Passeio pela Literatura - 3
“O Ateneu” é
um texto destacável por vários motivos – o primeiro é este: trata-se de um
livro emocional, tido por muitos apreciadores como uma vingança do narrador (e
mesmo do autor, que frequentou escola semelhante, o Colégio Abílio, de
propriedade de Abílio César Borges, Barão de Macaúbas) contra a escola em que
estudou. Nesse contexto, o relato não apresenta nem a isenção, nem a
objetividade do Realismo. A narração é feita pela personagem Sérgio, que vai
estudar no Ateneu, colégio carioca responsável pela formação da elite nacional
no final do século XIX. Lá conhece uma dura realidade, oposta à que tinha no
seio familiar, e as experiências a que ficou exposto mostram os descaminhos
morais da classe dominante brasileira. Desse modo, sua raiva e sua revolta
turvam a descrição, que, exagerada, confunde o leitor, o qual tende a não
acreditar de todo naquele relato caricatural.
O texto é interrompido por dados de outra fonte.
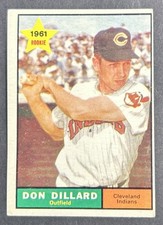 1961 Topps #172 Don Dillard Rookie Card. rookie card picture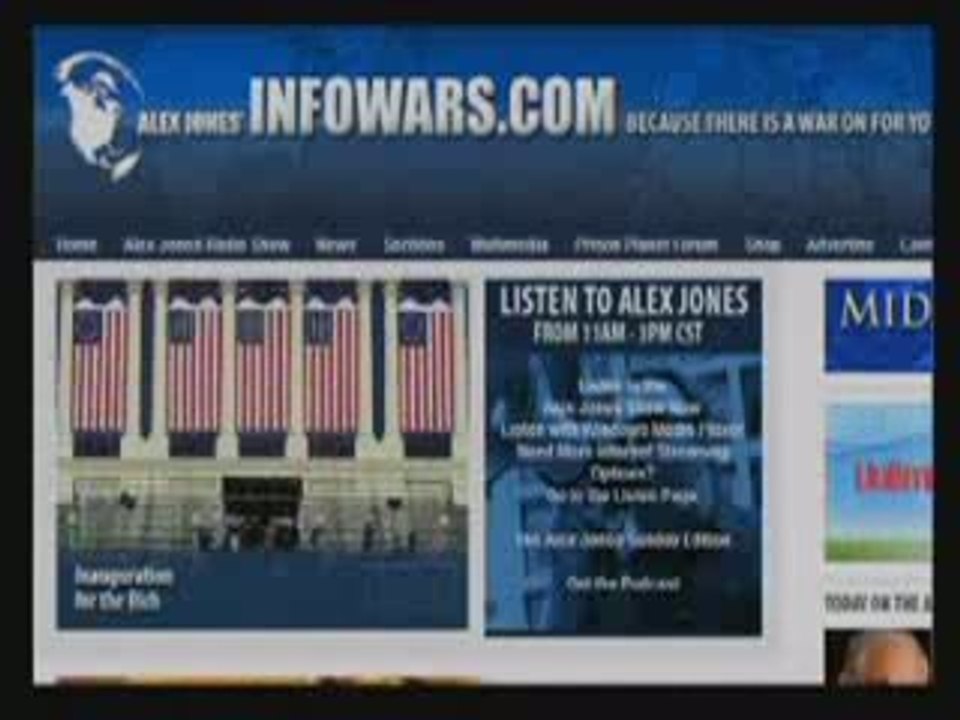 The Alex Jones Show LIVE - January 20th 2009 - Part 9 of 24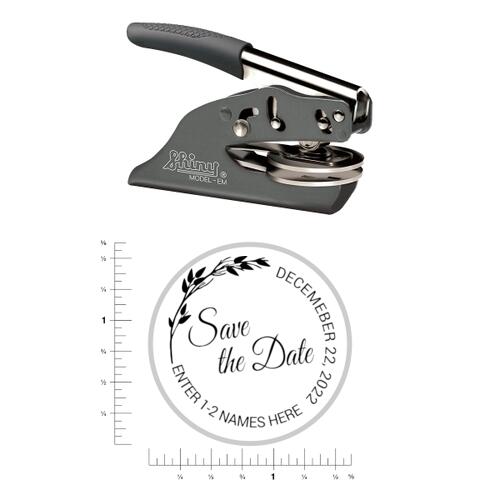 Save the Date #5 - Hand Embosser - Round Thumbnail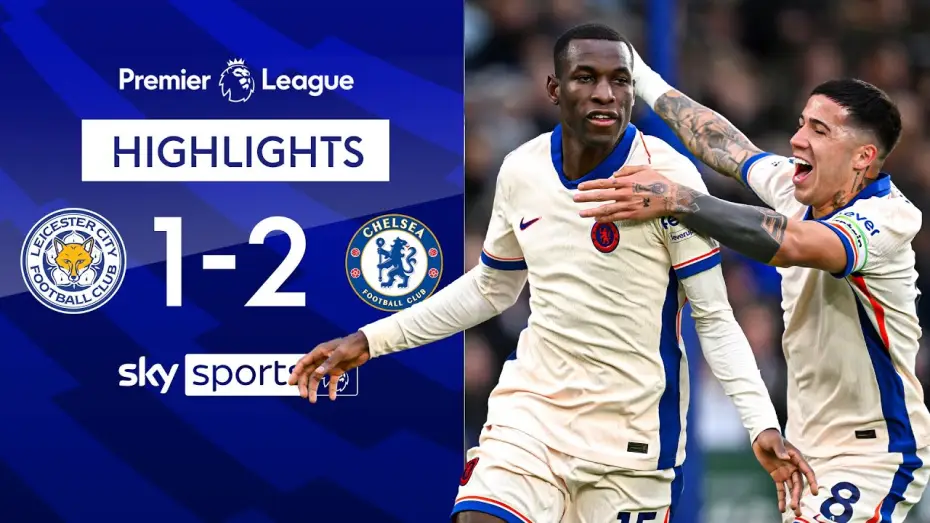 Wideo do filmu Chelsea FC - Season Review 2024/25 — Leicester 1-2 Chelsea - Premier League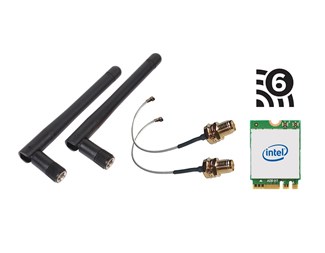 WLN-M3-Wi-Fi 6 WLAN-kort inklusive två externa antenner.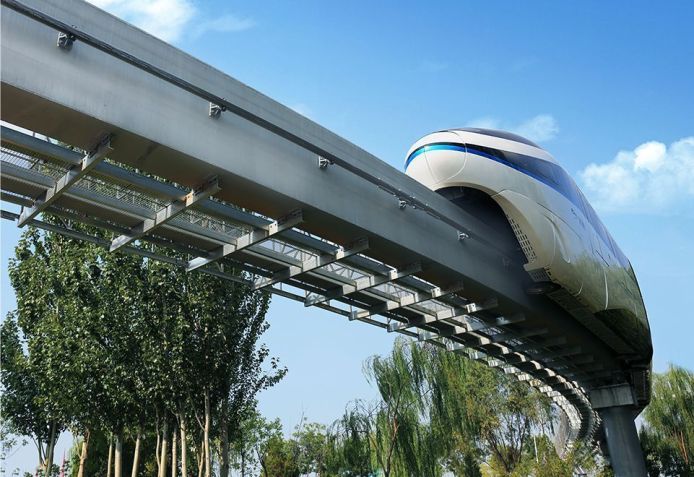 Quando estiver em operação plena, o monotrilho da Linha 17 - Ouro deve transportar cerca de 100 mil passageiros por dia • Divulgação/BYD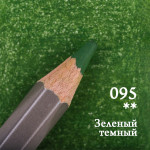 Карандаш цветной Малевичъ GrafArt Pro, зеленый темный 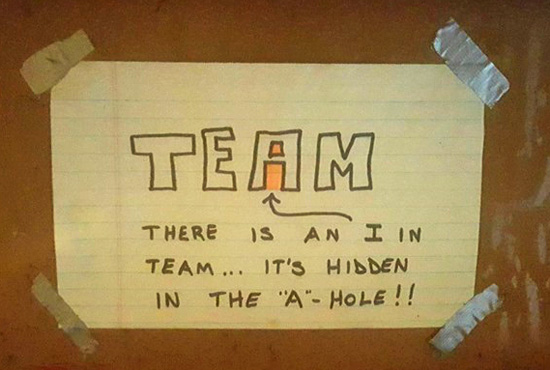 Who Says There's No 'I' in Team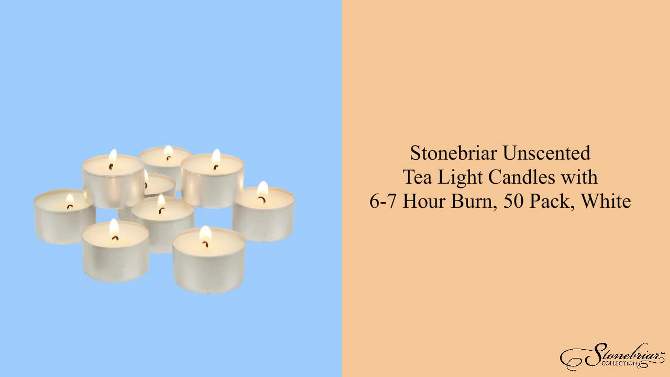 Tealight Candles White - Stonebriar Collection, 2 of 10, play video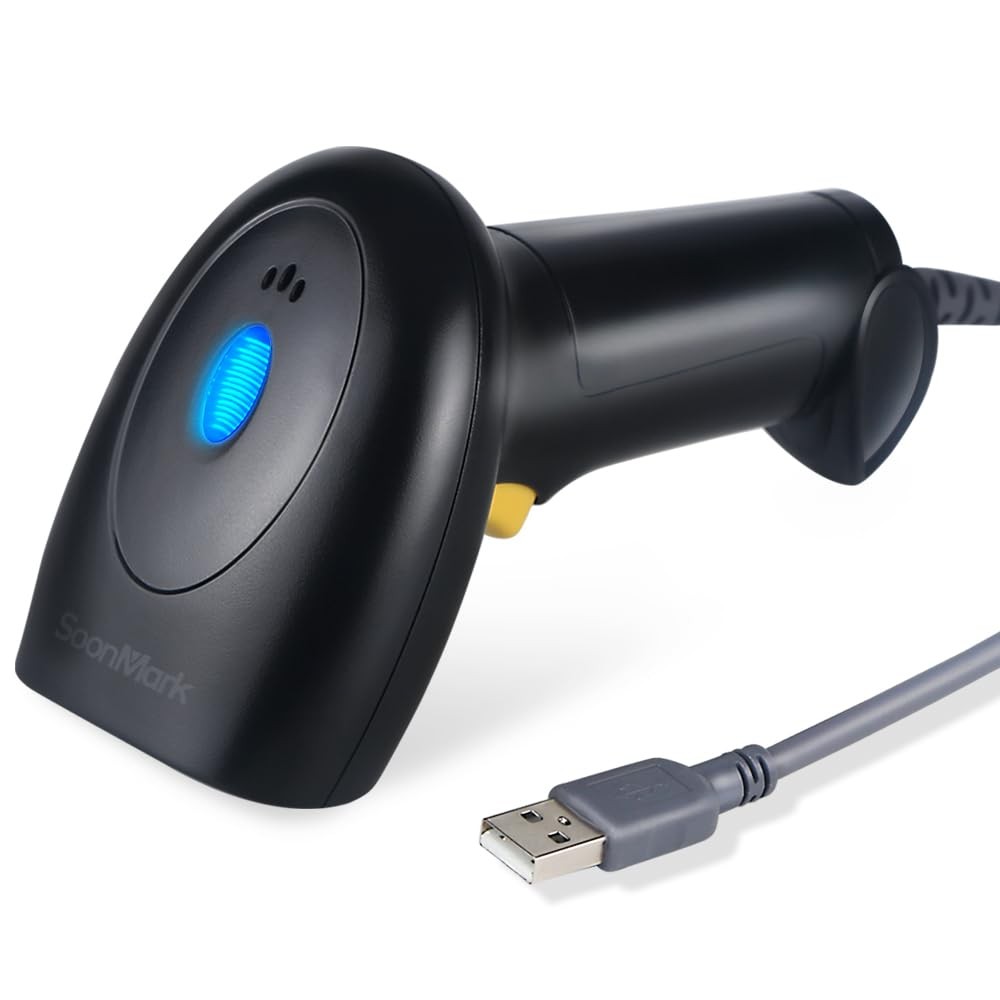 Handheld USB Barcode Scanner Wired 1D Bar Code Reader For Store Warehouse
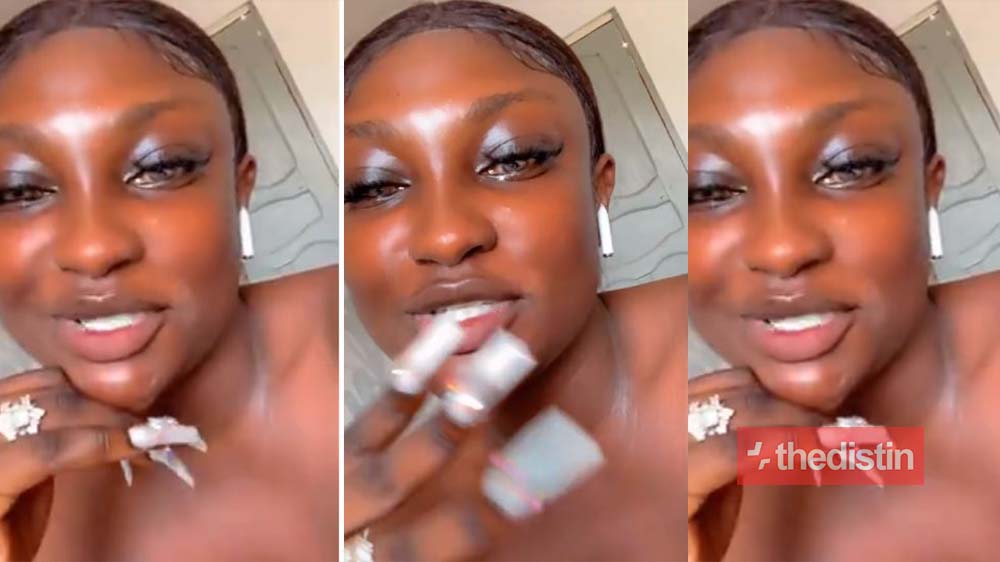"i take my tw3 to the washing bay" – Abena Moet Replies Fans Asking Her How She Cleans Her Private Part With Her Long Nails (Video)
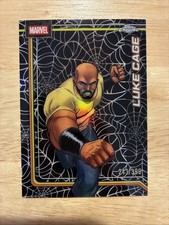 2026 Topps Chrome Marvel Luke Cage Spider-Web Refractor #/399 picture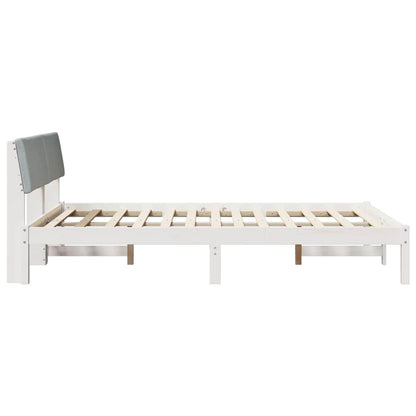 Struttura del Letto Bianco e grigio chiaro 140 x 200 cm | homemem39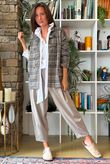 Keaton Plaid Military Jacket Steel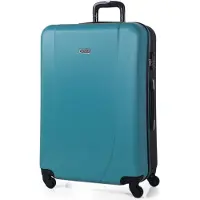 Itaca unisex. 71170-06 Large Travel Bag XL Rigid 4 Wheeled Trolley Case 71170 turquoise, anthracite -75x50x30cm (OSFA), Casual, Grey, ABS /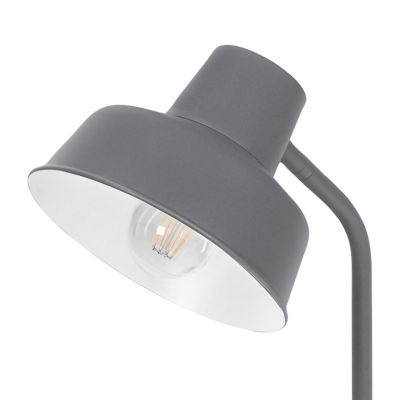Lampe de table Orous E27 15W L.33xH.47,5xP.19,7cm gris foncé GoodHome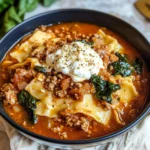 One Pot Lasagna Soup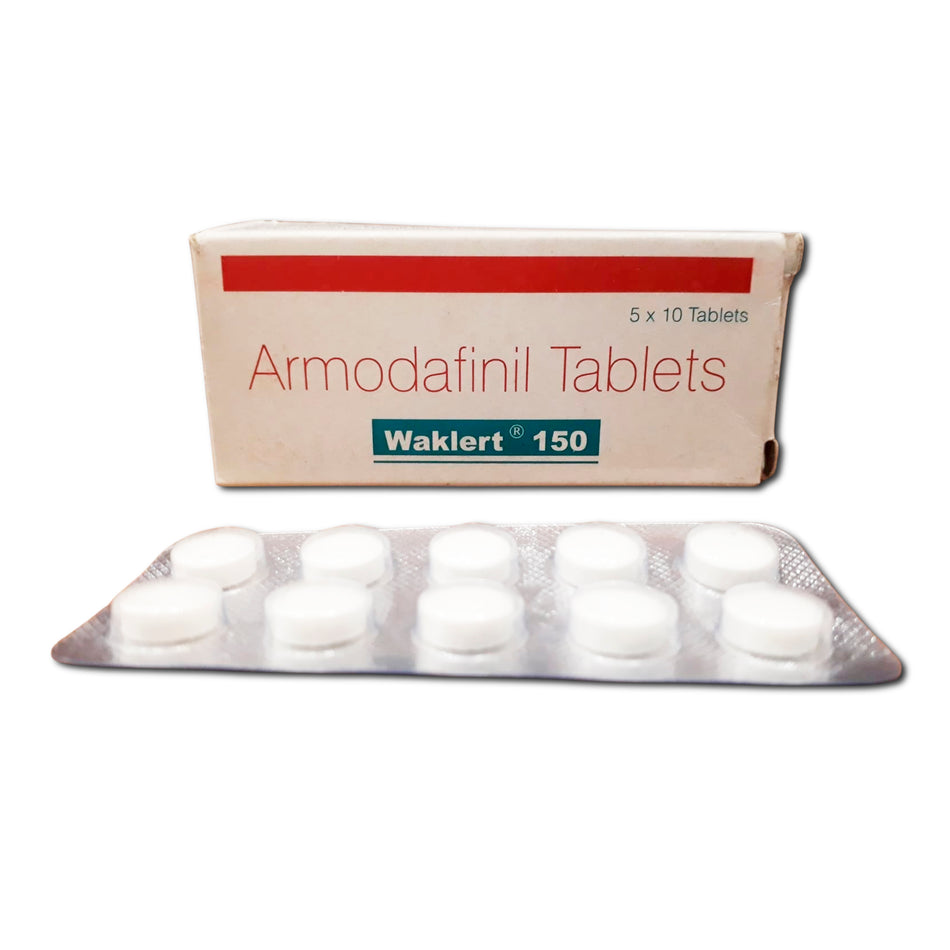 Armodafinilo 150mg 50 Tabletas Waklert 150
O segundo é a maestria com que
sugere a brutalidade do ambiente com “pinceladas” impressionistas, as quais
transferem para o leitor toda a confecção da cena ambiental; na época, o
ideário determinista pregava que o meio (ladeado pela raça e pelo momento
histórico) determinava o ser humano. No caso do romance em questão, o meio
degradador é o Ateneu, um colégio que, de fora, parece admirável, mas, de
dentro, se revela cruel e hostil, na sua implacável hipocrisia: os personagens,
para sobreviver, têm de mentir, mostrar-se subservientes, manipular,
disfarçar... A personagem Franco, por
exemplo, em virtude da franqueza adiantada pelo seu nome, foi vencida pela
hipocrisia dominante e morreu em abandono total. Dessa forma, o livro se
aproxima não só do Impressionismo e do Realismo, mais ainda do Naturalismo −
tendência muito forte na época −, à medida que se constrói também a partir
dessa ideia de que o meio forja implacavelmente o ser humano, tirando dele toda
a possibilidade de escolha e autogestão.
Esse conjunto
de pressupostos, depois das ideias de Sigmund Freud, nos parece hoje
ultrapassado. Mas a mentalidade cientificista do final do século XIX o
aceitava, e vários escritores do período, principalmente brasileiros, basearam
nela suas obras, a exemplo de Aluísio Azevedo, autor de “O cortiço”, exemplar
tão perfeito desse contexto, que morreu com ele.